## [PROBLEM]
Note on the material below: return exactly the lines from the line that holds "12ZB060 Minnesota License Plate" through the line that holds "14ct Yellow and White Gold Cluster Ring", and leave out each picture.

## [EXERCISE DATA]
----
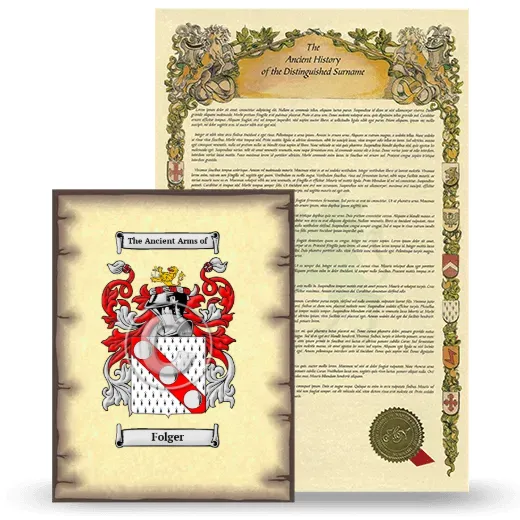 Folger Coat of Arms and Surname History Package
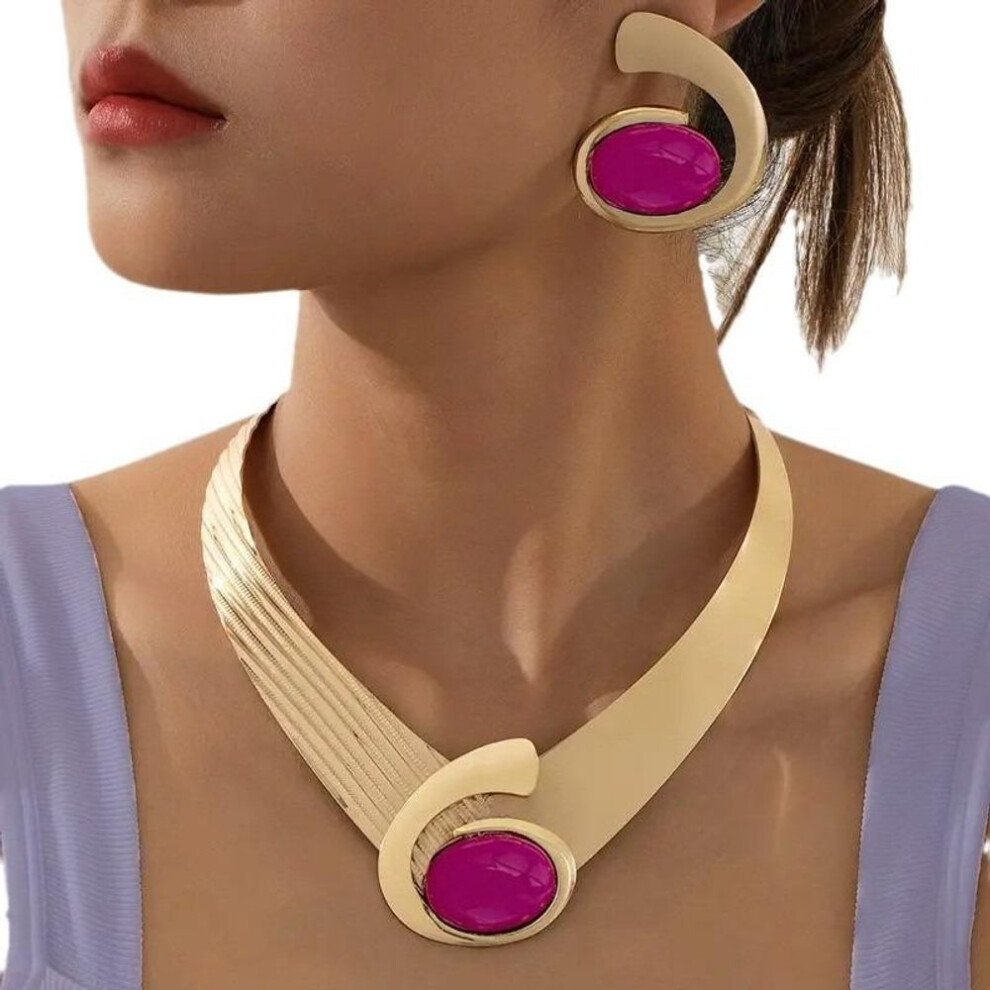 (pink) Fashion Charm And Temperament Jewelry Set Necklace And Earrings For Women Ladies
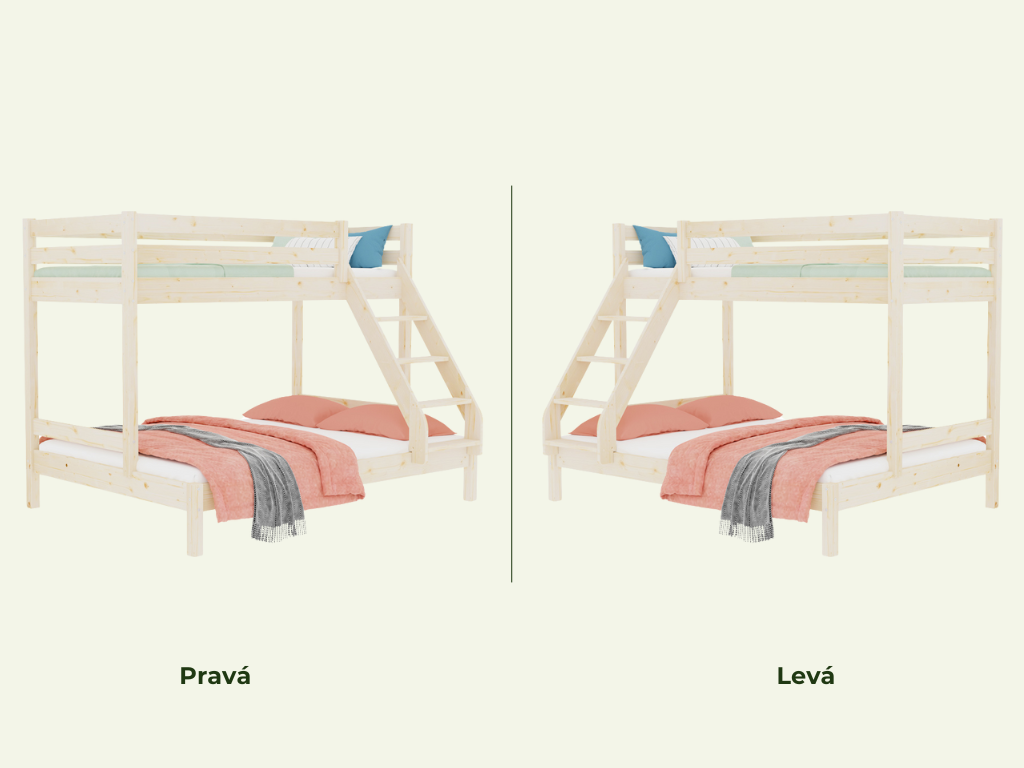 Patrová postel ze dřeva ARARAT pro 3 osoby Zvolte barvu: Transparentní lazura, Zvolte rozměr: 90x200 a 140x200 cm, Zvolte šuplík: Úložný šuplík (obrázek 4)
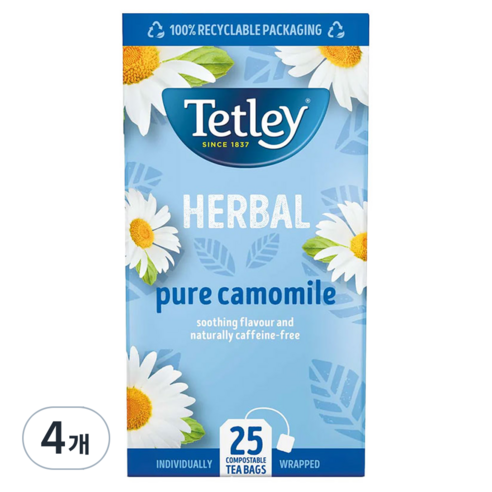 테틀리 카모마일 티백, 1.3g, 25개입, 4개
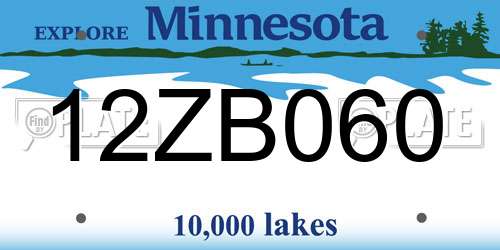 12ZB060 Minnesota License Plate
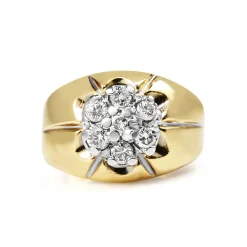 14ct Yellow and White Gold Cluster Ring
----
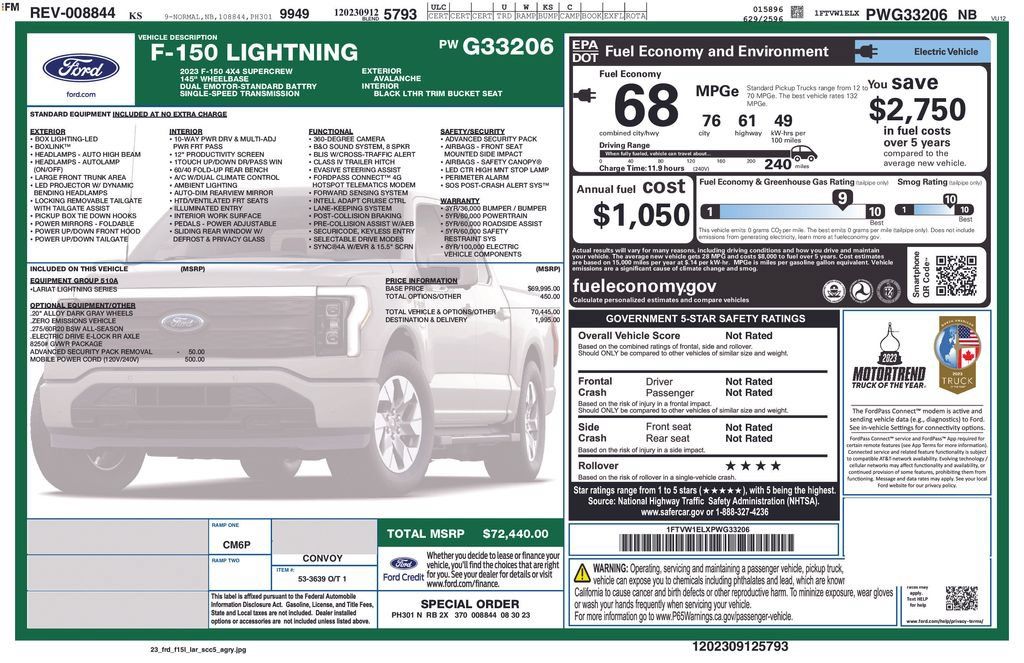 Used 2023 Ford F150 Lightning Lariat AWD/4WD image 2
----
## [TASK ANSWER]
 12ZB060 Minnesota License Plate
 14ct Yellow and White Gold Cluster Ring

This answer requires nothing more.